He’s not currently making threats. That ended months ago and although I am intensely wary of our current interactions, we are managing civil conversation (as long as we avoid everything but the most banal of topics). I still don’t trust it though, and I certainly don’t trust that anything I post on my blog, anything that could possibly reflect me in less than a saintly light of perfection, won’t be twisted against me at some yet unnamed future date.
I really hate blogging like this. I start blogging about something, anything, and I start feeling more and more tense. I delete and rewrite and delete and rewrite and eventually I just stop writing because it feels too dangerous. What angle am I missing? What small detail am I overlooking that could lead to my downfall? I feel pressured to write only posts about my good examples of mothering or my good examples of [insert endless array of topic demonstrating that I am a mature, highly competent adult]. And of course, I really am a highly competent adult, but I always think of my blog as the place where I can let my hair down, snarls and gummy tangles and split ends and all.
I desperately want to blog about the difficulties of parenting. Right now my five year old is having a rough time and as a result we are all having a rough time. I am handling it as best I can and when I can step back and look at it objectively, I don’t think I’m doing a bad job, maybe even a good job despite the fact that nothing I’m doing is working. But I really want to blog about it all and I can’t. Because of course, if my five year old is having a hard time, it must be my fault, right? It must be evidence of my terrible, terrible parenting that my children aren’t specimens of perfect emotional health, that their every moment isn’t peaceful, serene, precocious wisdom. Of course, I am saying that facetiously, but I know for sure that’s what their dad thinks. He’s made it clear on many occasions that everything bad is my fault and everything good is good in spite of my poisonous contamination.
The hardest thing about parenting alone (or one of the hardest anyway) is not having anyone to help you have context, to help you see that other parents aren’t perfect either, to back you up in the choices you make. I find myself constantly, constantly reading between the lines of all parenting tales I encounter to see whether I am the only one who [insert potentially questionable behavior here]. It’s much harder, though, when you feel like someone else is watching too, waiting for you to slip up and reveal your ordinary, well-intentioned, imperfect horrendously abusive ways.
I don’t know what to do about this. Do I create a super duper secret blog somewhere else and never reveal even the most vaguely identifying information? Do I just stop blogging and give up this form of expression that I’ve been doing almost every day for the past five years (almost exactly five)? I don’t know. But that’s why I blog less than I ever used to and why I never post about anything interesting. Just so you know.
July 7th, 2008 at 10:03 am
Can you password protect certain posts?

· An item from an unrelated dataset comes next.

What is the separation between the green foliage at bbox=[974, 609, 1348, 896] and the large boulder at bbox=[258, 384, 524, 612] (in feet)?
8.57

Does anyone read your blog who would share the PW with the ex? Otherwise, you could do a completely PW protected blog. Or a livejournal blog. LJ lets you select which of your friends can read each post.

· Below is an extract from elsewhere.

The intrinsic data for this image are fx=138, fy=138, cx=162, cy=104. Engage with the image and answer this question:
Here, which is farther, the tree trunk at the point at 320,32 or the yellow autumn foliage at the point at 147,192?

July 7th, 2008 at 10:05 am
Oh, and I forgot to say, a lot of us struggle as parents. Some days I am thrilled just to have made it to bedtime with all of us in one piece. You don’t have to be perfect. Good enough is good enough.
July 9th, 2008 at 7:47 am
Yep. Password protect. Then you can have people (like me!
) email you for the password. I totally hear you on feeling compromised in what you write. I’m in a different position, but feel that way (ex-beau and mutual friends access my blog) and it definitely affects what I write and how.
I love reading your blog so I hope you do continue!